(Caption-style text data)
=== Section Start ===

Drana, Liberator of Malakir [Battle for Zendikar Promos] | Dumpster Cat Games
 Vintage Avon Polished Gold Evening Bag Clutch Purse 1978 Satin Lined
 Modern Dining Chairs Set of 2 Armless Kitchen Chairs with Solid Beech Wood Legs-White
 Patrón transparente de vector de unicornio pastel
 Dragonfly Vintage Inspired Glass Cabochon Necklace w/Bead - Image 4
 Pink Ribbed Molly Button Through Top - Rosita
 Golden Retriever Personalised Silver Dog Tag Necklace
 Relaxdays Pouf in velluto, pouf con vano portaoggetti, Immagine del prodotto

=== Section End ===

▸ Task description
All of the data, from the first line to the last, should be written out exactly.

▸ Written response
Drana, Liberator of Malakir [Battle for Zendikar Promos] | Dumpster Cat Games
 Vintage Avon Polished Gold Evening Bag Clutch Purse 1978 Satin Lined
 Modern Dining Chairs Set of 2 Armless Kitchen Chairs with Solid Beech Wood Legs-White
 Patrón transparente de vector de unicornio pastel
 Dragonfly Vintage Inspired Glass Cabochon Necklace w/Bead - Image 4
 Pink Ribbed Molly Button Through Top - Rosita
 Golden Retriever Personalised Silver Dog Tag Necklace
 Relaxdays Pouf in velluto, pouf con vano portaoggetti, Immagine del prodotto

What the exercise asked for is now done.